─── INPUT DATA
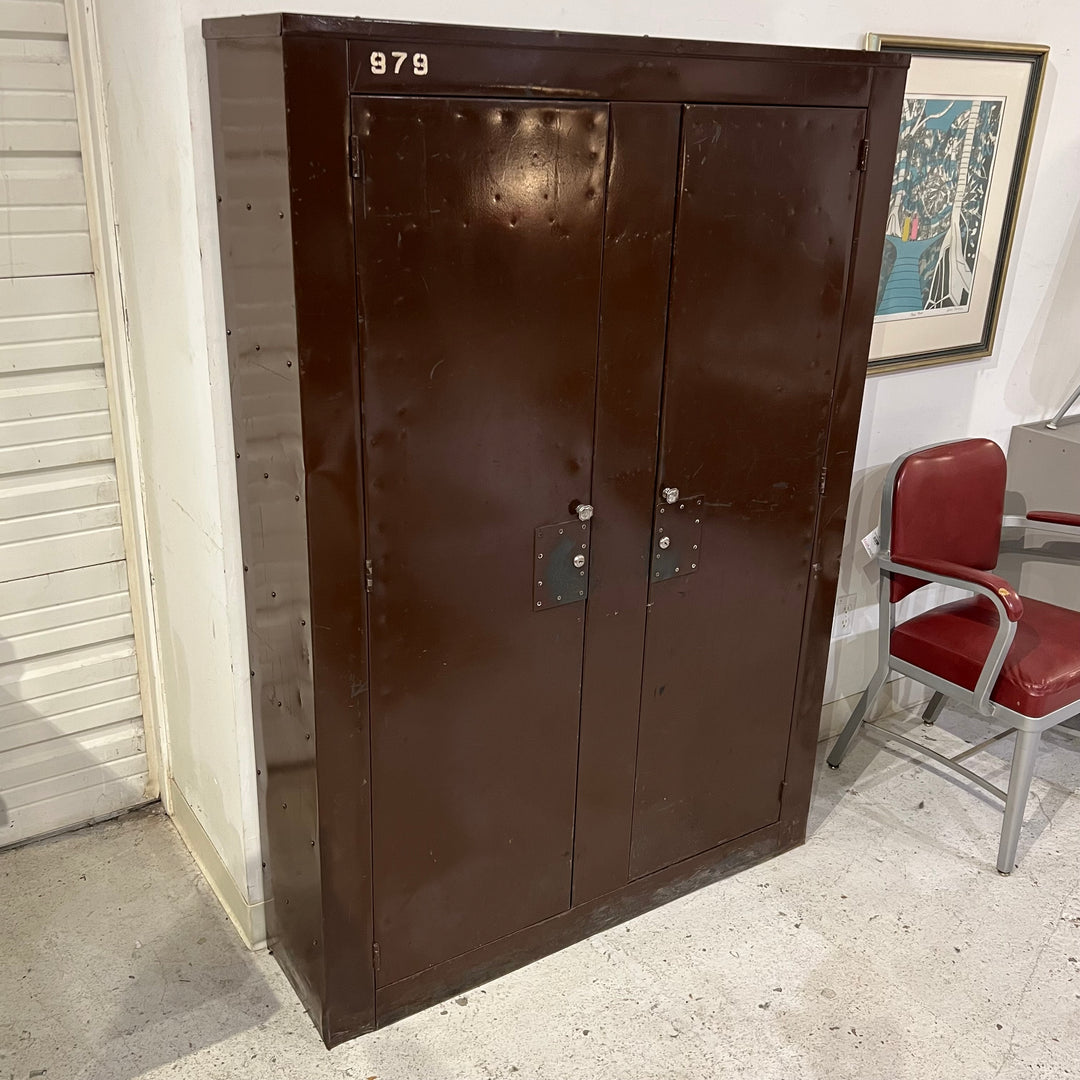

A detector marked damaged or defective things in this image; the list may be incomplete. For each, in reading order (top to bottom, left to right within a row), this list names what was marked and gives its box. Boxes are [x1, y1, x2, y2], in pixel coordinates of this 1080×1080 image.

dent in metal door [354, 99, 609, 989]
dent in metal door [630, 105, 864, 876]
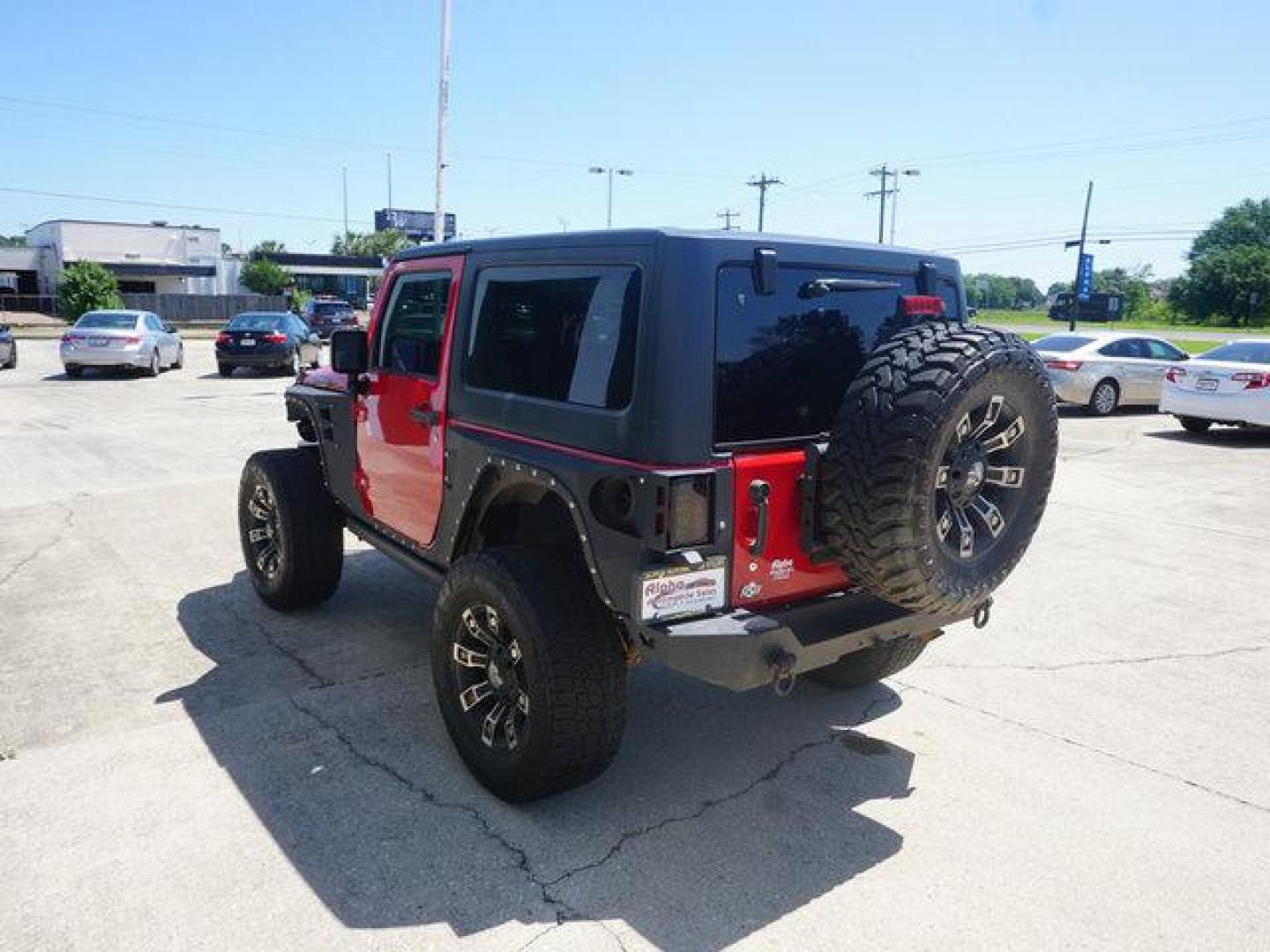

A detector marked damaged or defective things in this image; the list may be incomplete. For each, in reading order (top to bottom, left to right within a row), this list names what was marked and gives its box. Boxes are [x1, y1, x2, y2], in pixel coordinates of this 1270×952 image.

crack in pavement [0, 508, 74, 589]
crack in pavement [924, 644, 1270, 675]
crack in pavement [546, 695, 904, 893]
crack in pavement [899, 680, 1265, 817]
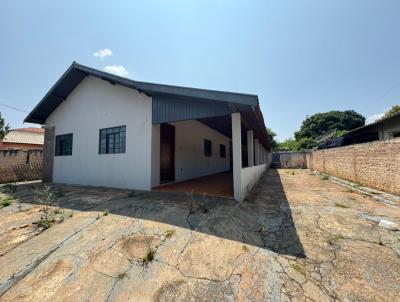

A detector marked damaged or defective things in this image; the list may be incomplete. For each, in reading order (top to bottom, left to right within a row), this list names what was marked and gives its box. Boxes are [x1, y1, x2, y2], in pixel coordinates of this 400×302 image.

cracked concrete slab [0, 169, 400, 300]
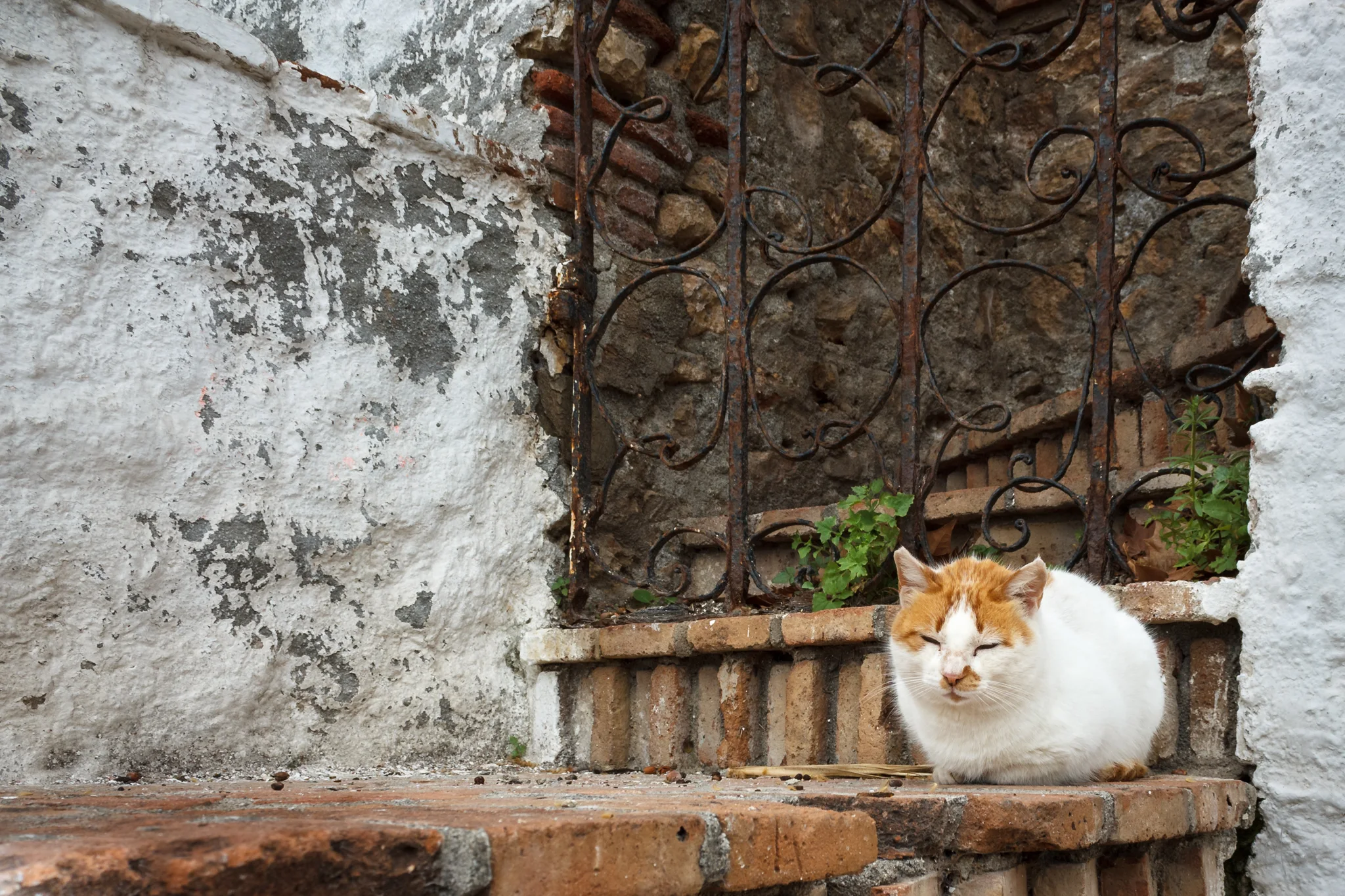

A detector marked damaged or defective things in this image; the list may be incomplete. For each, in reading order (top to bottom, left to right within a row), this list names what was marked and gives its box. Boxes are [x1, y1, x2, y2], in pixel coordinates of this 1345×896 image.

cracked plaster wall [0, 0, 567, 779]
peeling white paint [1, 0, 567, 779]
rusted iron bar [565, 0, 592, 618]
rusted iron bar [720, 0, 753, 610]
rusted metal [565, 0, 1258, 612]
rusted iron bar [898, 1, 931, 553]
rusted iron bar [1081, 0, 1124, 583]
cracked plaster wall [1237, 1, 1345, 891]
peeling white paint [1237, 3, 1345, 891]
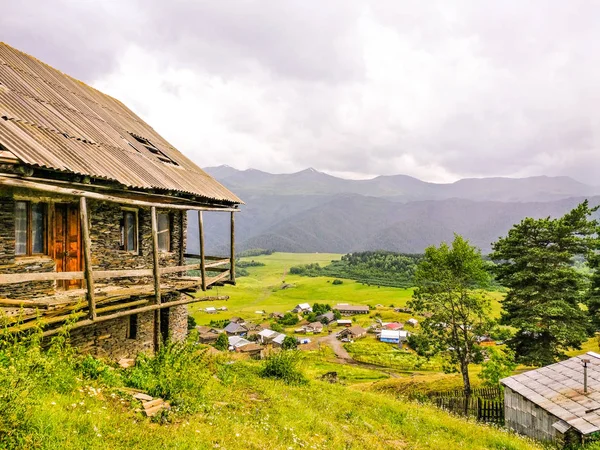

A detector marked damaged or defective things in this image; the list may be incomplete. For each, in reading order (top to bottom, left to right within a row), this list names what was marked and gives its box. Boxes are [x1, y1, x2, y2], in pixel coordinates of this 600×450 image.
──────
Write out again only the lines from the line that contains "this 1345×896 image." through the last line of the records, both ends included, without any of the pictures.

A detector marked damaged or defective things in this image; the list may be incomplete. For each, in reading order (top to bottom, left to right within a row), this list names what was marked and gives its box. Boxes are [x1, y1, x2, y2], in pixel coordinates of this 1345×896 image.

cracked plaster wall [0, 0, 567, 779]
peeling white paint [1, 0, 567, 779]
rusted iron bar [565, 0, 592, 618]
rusted iron bar [720, 0, 753, 610]
rusted metal [565, 0, 1258, 612]
rusted iron bar [898, 1, 931, 553]
rusted iron bar [1081, 0, 1124, 583]
cracked plaster wall [1237, 1, 1345, 891]
peeling white paint [1237, 3, 1345, 891]

A detector marked damaged or defective things in this image; the list may be incomplete. For each, in reading order (top to bottom, left to right within a row), this list names what was marked and gives its box. Boxes are [x1, y1, x2, y2], in pixel coordinates of this 600×450 image.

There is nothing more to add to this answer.